Adaptive Data Collection for Latin-American Community-sourced Evaluation of Stereotypes (LACES)
Guido Ivetta, Pietro Palombini, Sofía Martinelli, Marcos J Gomez, Sunipa Dev, Vinodkumar Prabhakaran, Luciana Benotti
TL;DR
The paper addresses the geo-cultural bias gap in NLP stereotype benchmarks by introducing LACES, a large-scale, Latin America–focused dataset created through an adaptive, community-sourced workflow that simultaneously validates and expands stereotype entries. It demonstrates that adaptive collection reduces redundancy and increases coverage, yielding 4789 stereotypes across 120 identities and 842 attributes annotated by 83 contributors from 15 countries, with multilingual data in Spanish and English. Key findings include notable in-group bias, a high proportion of unique concepts not present in existing datasets, and the limited effectiveness of zero-shot self-debiasing on LACES compared to prior benchmarks. The work argues for region-specific, adaptive resources to enable robust stereotype evaluation and openness to applying this methodology to other sociocultural domains, advancing fairness resources for Latin America.
Abstract
The evaluation of societal biases in NLP models is critically hindered by a glaring geo-cultural gap, as existing benchmarks are overwhelmingly English-centric and focused on U.S. demographics. This leaves regions such as Latin America severely underserved, making it impossible to adequately assess or mitigate the perpetuation of harmful regional stereotypes by language technologies. To address this gap, we introduce a new, large-scale dataset of stereotypes developed through targeted community partnerships within Latin America.
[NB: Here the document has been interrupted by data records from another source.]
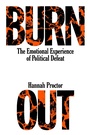 Cover: Burnout - Verso Books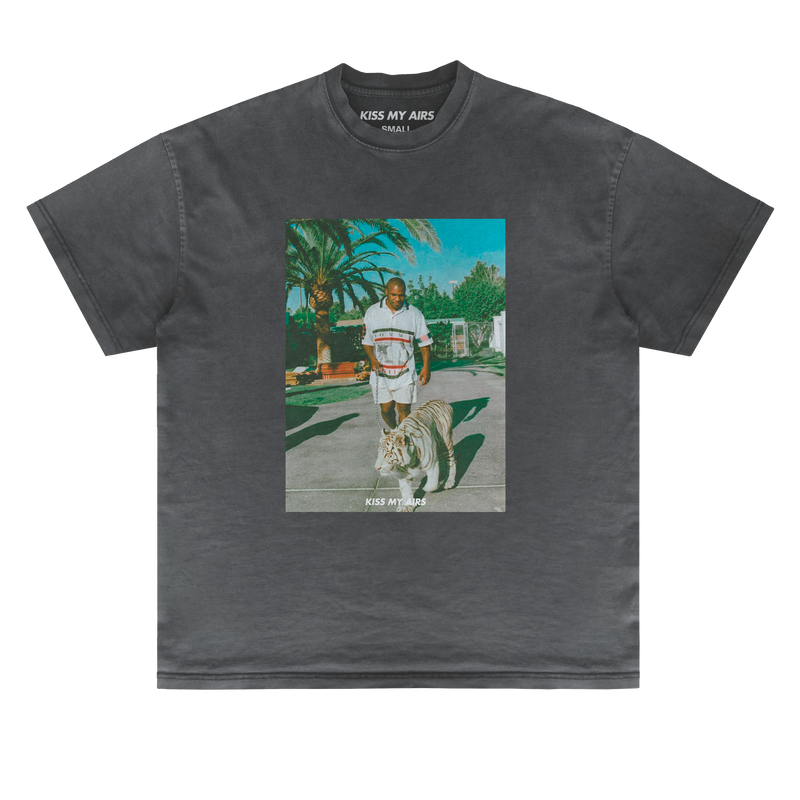 T-shirt Kiss My Airs KMA Mike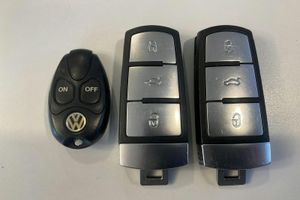Volkswagen Passat bild 17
Furthermore, we present a novel dynamic data collection methodology that uniquely integrates the sourcing of new stereotype entries and the validation of existing data within a single, unified workflow. This combined approach results in a resource with significantly broader coverage and higher regional nuance than static collection methods. We believe that this new method could be applicable in gathering sociocultural knowledge of other kinds, and that this dataset provides a crucial new resource enabling robust stereotype evaluation and significantly addressing the geo-cultural deficit in fairness resources for Latin America.